• **EXERCISE AIM**: Take the entries below and print only the lines from the one with "Hijab tobrut masih muda" through the one with "La Unidad Lomas", exactly as they stand, both ends included.

• **AVAILABLE DATA**:
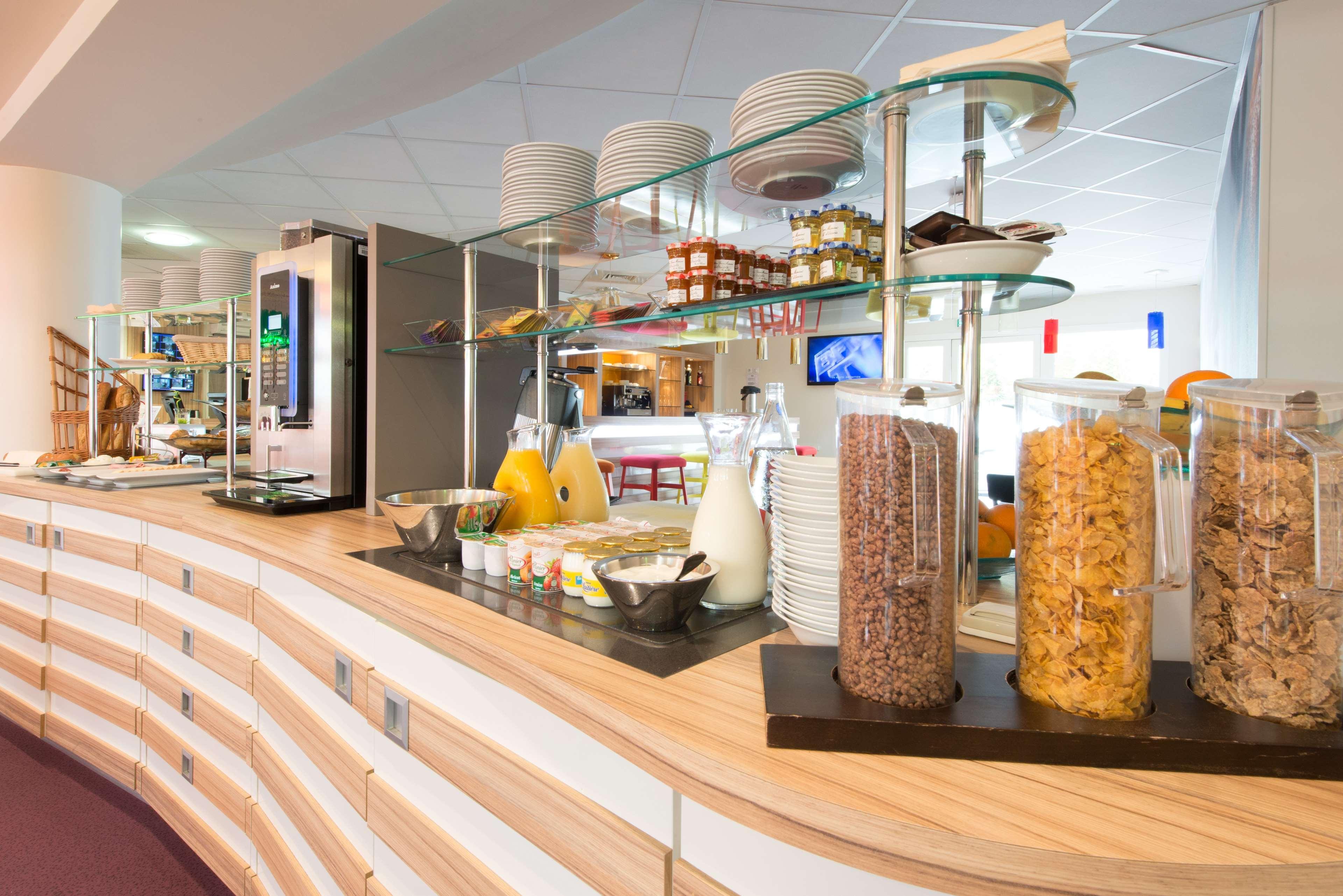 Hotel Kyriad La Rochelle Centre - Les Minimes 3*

* * *

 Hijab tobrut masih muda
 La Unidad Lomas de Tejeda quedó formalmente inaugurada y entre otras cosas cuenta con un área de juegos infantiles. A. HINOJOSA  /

• **SOLVED EXERCISE**:
 Hijab tobrut masih muda
 La Unidad Lomas de Tejeda quedó formalmente inaugurada y entre otras cosas cuenta con un área de juegos infantiles. A. HINOJOSA  /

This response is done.